Take the line containing "Divorce With Heart" and each line after it through the end of the data below, and return them exactly, minus any pictures.

##### EXERCISE DATA #####

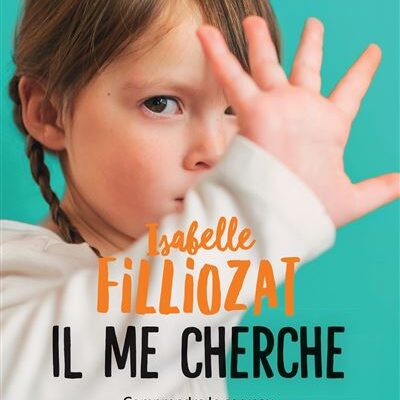 Il me cherche, Isabelle Filliozat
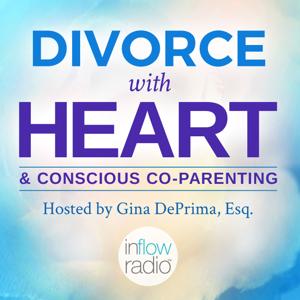 Divorce With Heart and Conscious Co-Parenting by InFlowRadio.com | Gina Marie DePrima, Esq.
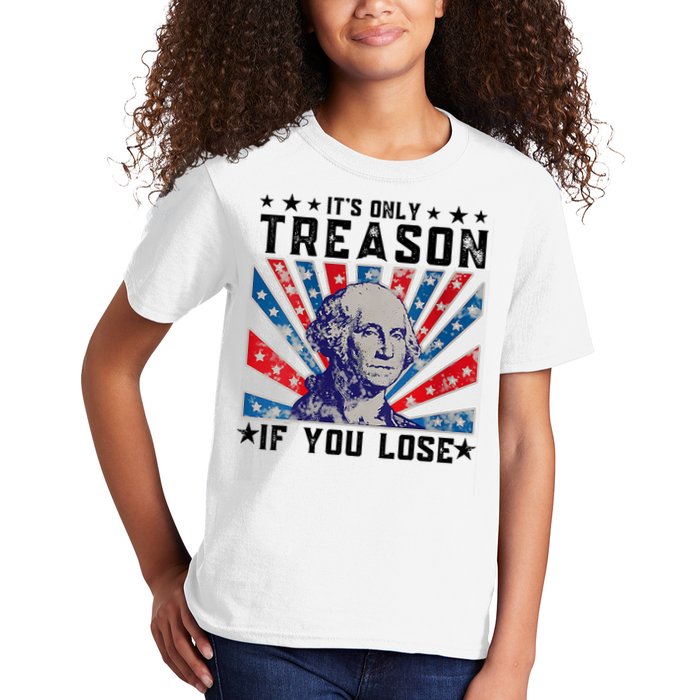 ItS Only Treason If You Lose Funny 4th Of July Kids T-Shirt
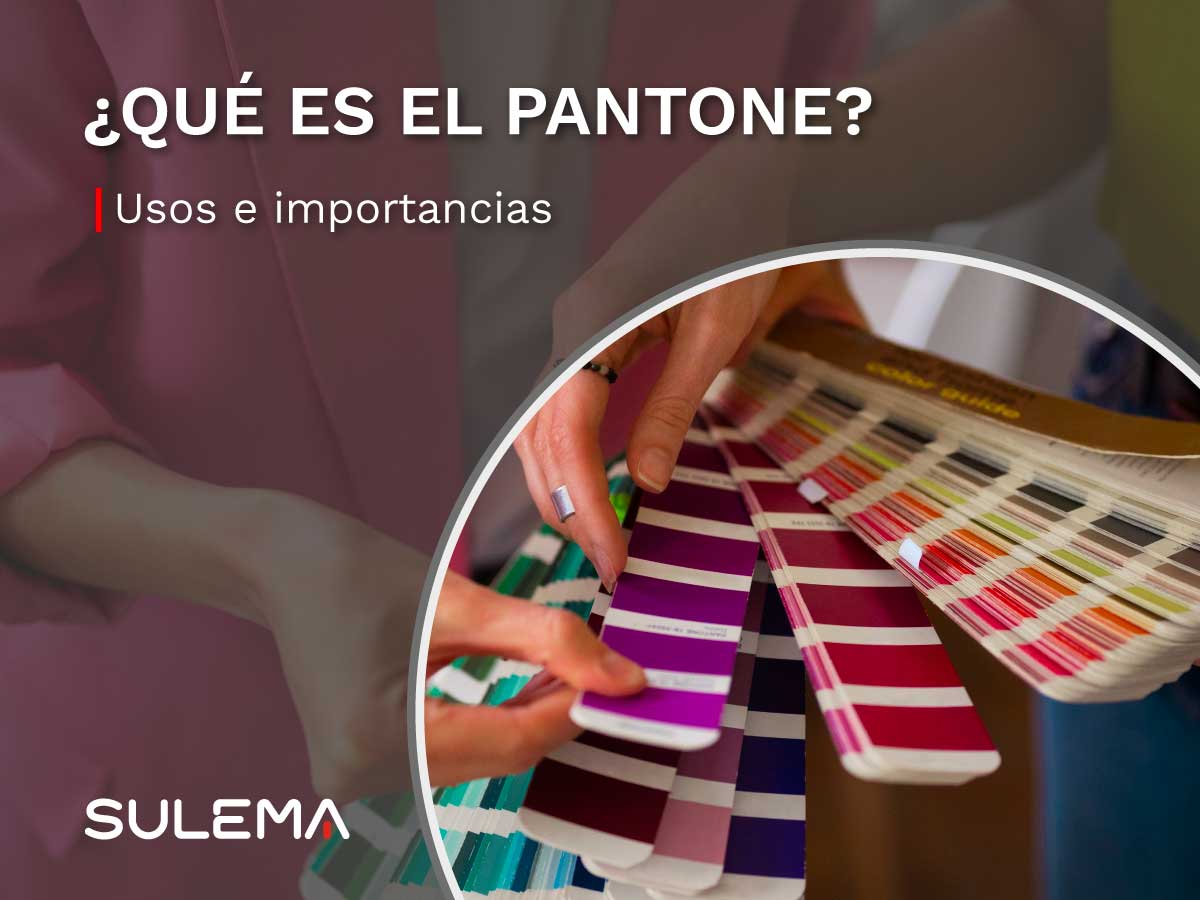 Qué es el pantone, usos e importancia
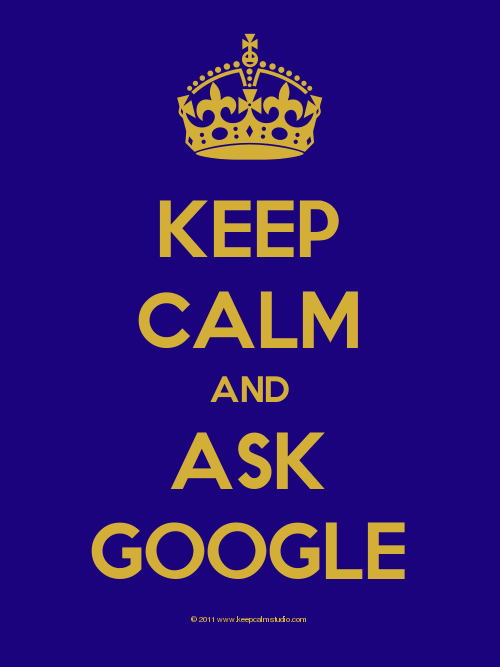 bellaneeyoona: KEEP CALM AND ASK GOOGLE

#####

THE ANSWER:
 Divorce With Heart and Conscious Co-Parenting by InFlowRadio.com | Gina Marie DePrima, Esq.
 ItS Only Treason If You Lose Funny 4th Of July Kids T-Shirt
 Qué es el pantone, usos e importancia
 bellaneeyoona: KEEP CALM AND ASK GOOGLE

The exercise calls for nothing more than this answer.